Our Lord condemns also a self-righteous spirit in looking at the faults of others. The man who pointed out the mote in his brother's eye, did not know that there was a beam in his own eye! So we need to guard against the spirit of pride and self-righteousness when we try to help others out of their mistakes and imperfections. No doubt there are blemishes in our character too. Besides, if we have not fallen into wrong ways, as they have—we are still liable to do so, for our hearts are just like theirs. Therefore, while we should seek to help them, we should never attempt to do it in a proud, Pharisaical way—but gently, lovingly, and with meekness.

We know Paul's counsel for just such cases "Brethren, if a man is overtaken in a fault, you who are spiritual restore such a one in the spirit of meekness; considering yourself, lest you also be tempted."

We should also learn to look at the faults of others with the eye of charity which hopes all things and covers the multitude of sins.

We do not know the secret history of the lives of others around us. We do not know what heart-wounds have produced the scars we see in other people's souls. We do not know the wrongs inflicted and endured in silence, which have caused the faults in our friend's character. We do not know the secret trials and sufferings which make life a daily torture to many with whom we are tempted to be impatient.

Longfellow says: "If we could read the secret history of our enemies, we should find in each man's life sorrow and suffering enough to disarm at hostility."

We should learn, then, to regard the faults of others with a feeling almost of reverence—just as we look upon the wounds which a soldier has gotten in battle; and remembering that some hidden sorrow or unknown trial may be the cause of the blemish which our sharp eyes detect!

Someone writes:

If we knew the cares and crosses
Crowded round our neighbor's way;
If we knew the little losses,
Sorely grievous day by day.

Would we then so often chide him,
For the lack of thrift and gain,
Leaving on his heart a shadow,
Leaving on our heart a stain?

Let us reach within our bosoms
For the key to other lives,
And with love to erring natures,
Cherish good that still survives.

So that when our disrobed spirits
Soar to realms of light again,
We may say, "Dear Father, judge us
As we've judged our fellow-man."

Our Lord's washing the feet of his disciples at the Last Supper had a spiritual significance, as we learn from his own words at the time. We all need such daily washing to remove the spots of daily faults and sins. Thus we are commanded to wash one another's feet—that is, to seek the removal of one another's specks and motes.
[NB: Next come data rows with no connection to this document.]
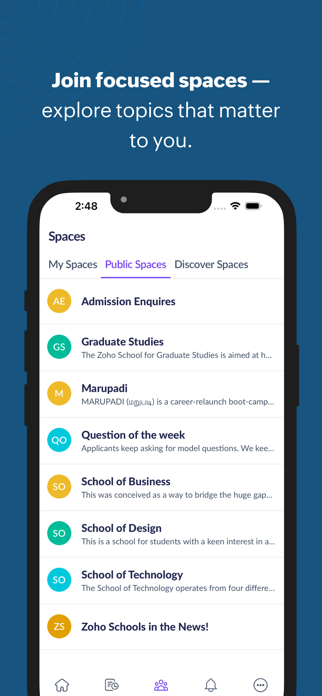 Zoho Schools Screenshot 4 of 5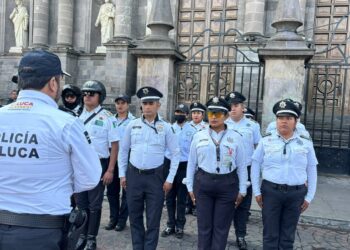 Despliega Toluca 400 elementos por peregrinación al Tepeyac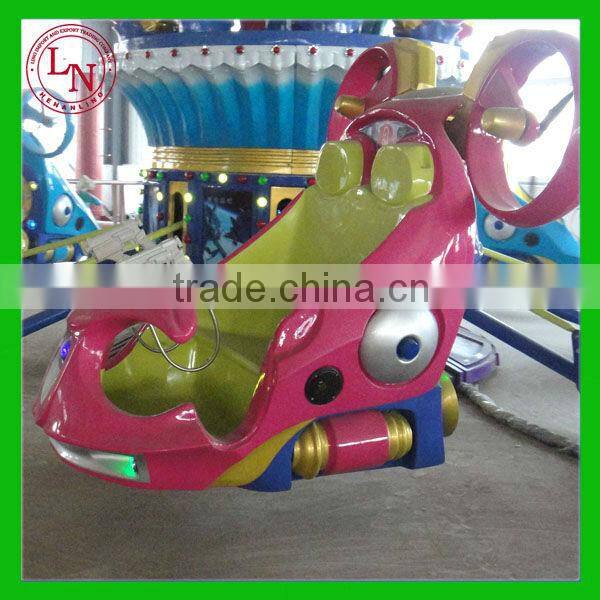 New design!!!LINORIDES amusement park bule star rides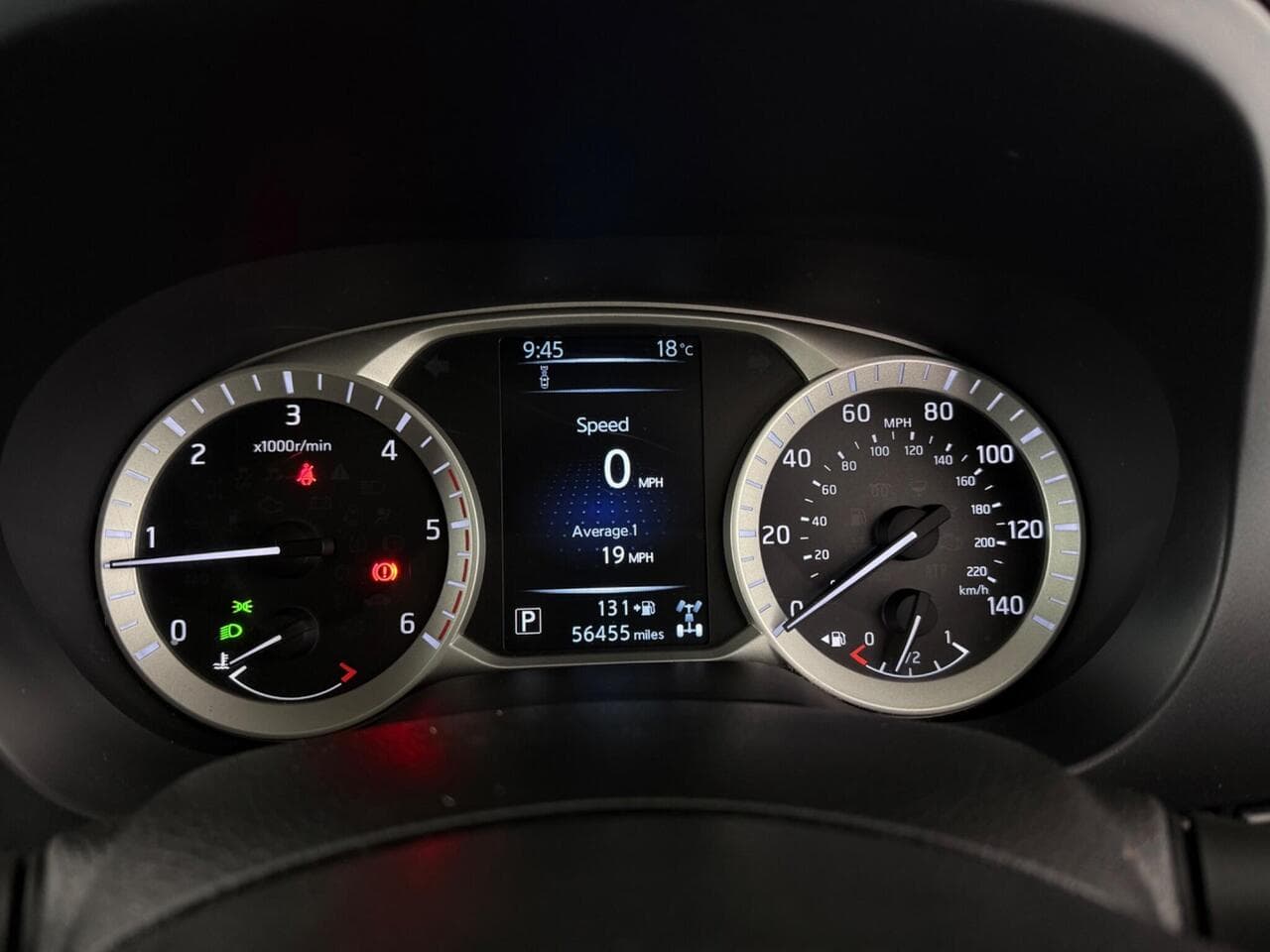 Nissan Navara thumbnail Driver Instruments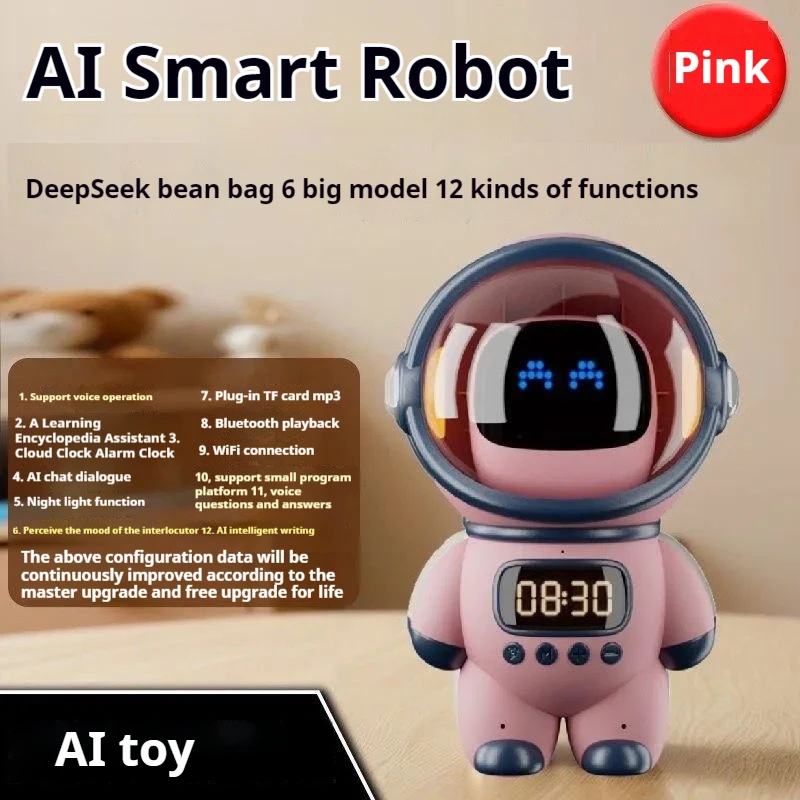 2026년 신형 AI 스마트 음성 채팅 로봇 블루투스  - Kids Toys Home 리뷰 및 가격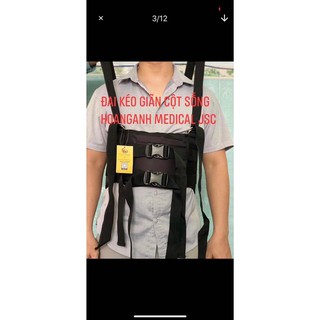 Đai kéo giãn cột sống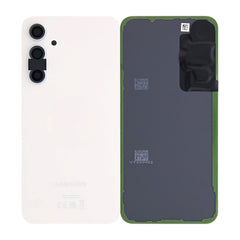 Vitre arrière Originale Samsung Galaxy S23 FE S711 Crème avec lentille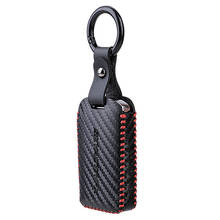 Funda de cuero para llave, bolsa protectora para Mazda 3, Alexa, CX4, CX5, CX8, 2019, 2020 2024 - compra barato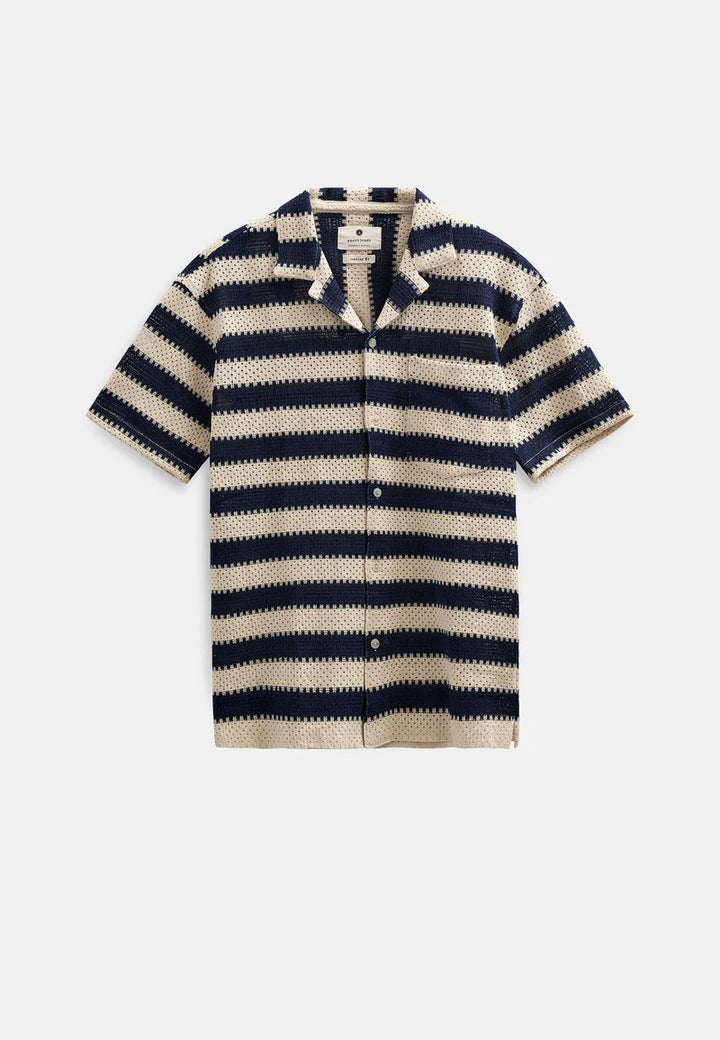 Anerkjendt Akleander Stripe Lace Shirt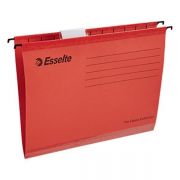 ESSELTE Fggmappa ESSELTE Classic A/4 karton jrahasznostott piros 25 darabos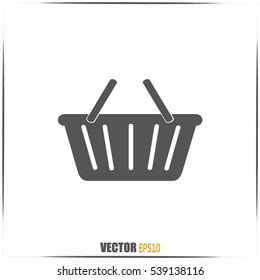 Vector illustration of shopping cart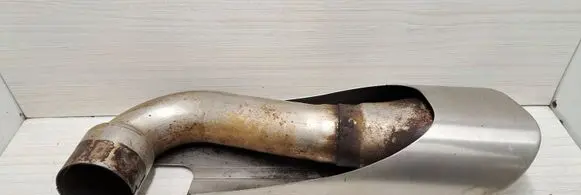 Porsche Cayenne (9PA) Muffler ending 7L5253682C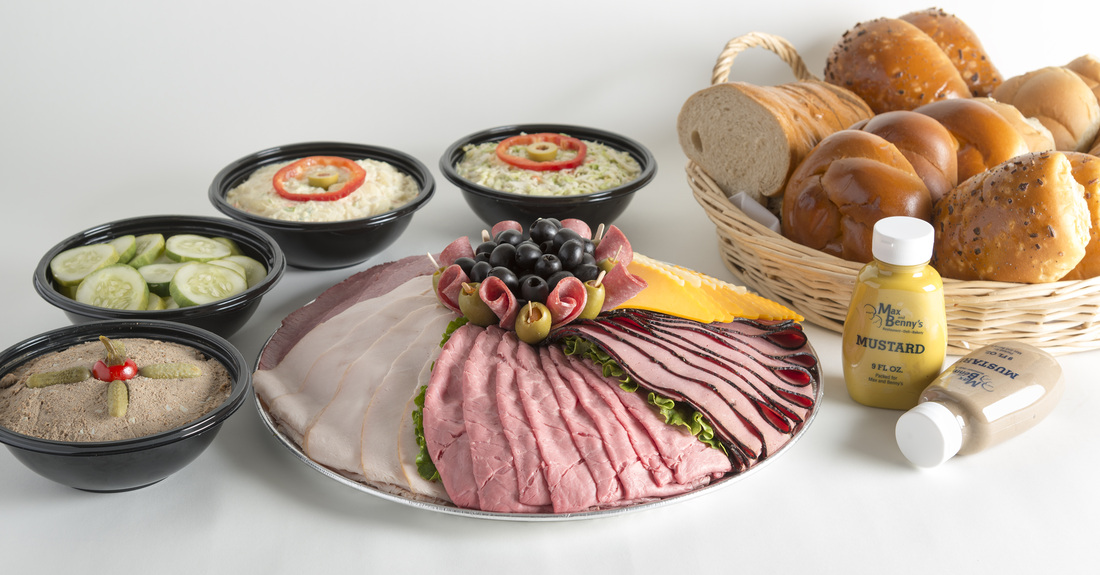 MaxandBennys's tweet photo. People can't stop talking about our Meat Platter —  served with Sides of Chopped Liver, Potato Salad, Cole Slaw, Pickles and Mustard https://t.co/UohCzVA1yi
William Taylor, in treating of this incident, quotes a quaint counsel to those who would wash the feet of others.

  First, "The water must not be too hot."

  Second, "Our own hands should be clean."

  Third, "We must be ready to submit our own feet to the process."

Each of these counsels is important. If we are going to remove our brother's motes, we must avoid anything that will offend him or give him needless pain. It is always hard to be told, even in the most loving manner, of our faults; but if it is done in a harsh, rude, cold way, it is far harder. We should take care, indeed, that your water be not too hot to scald our friend; yes, and not too cold to freeze him!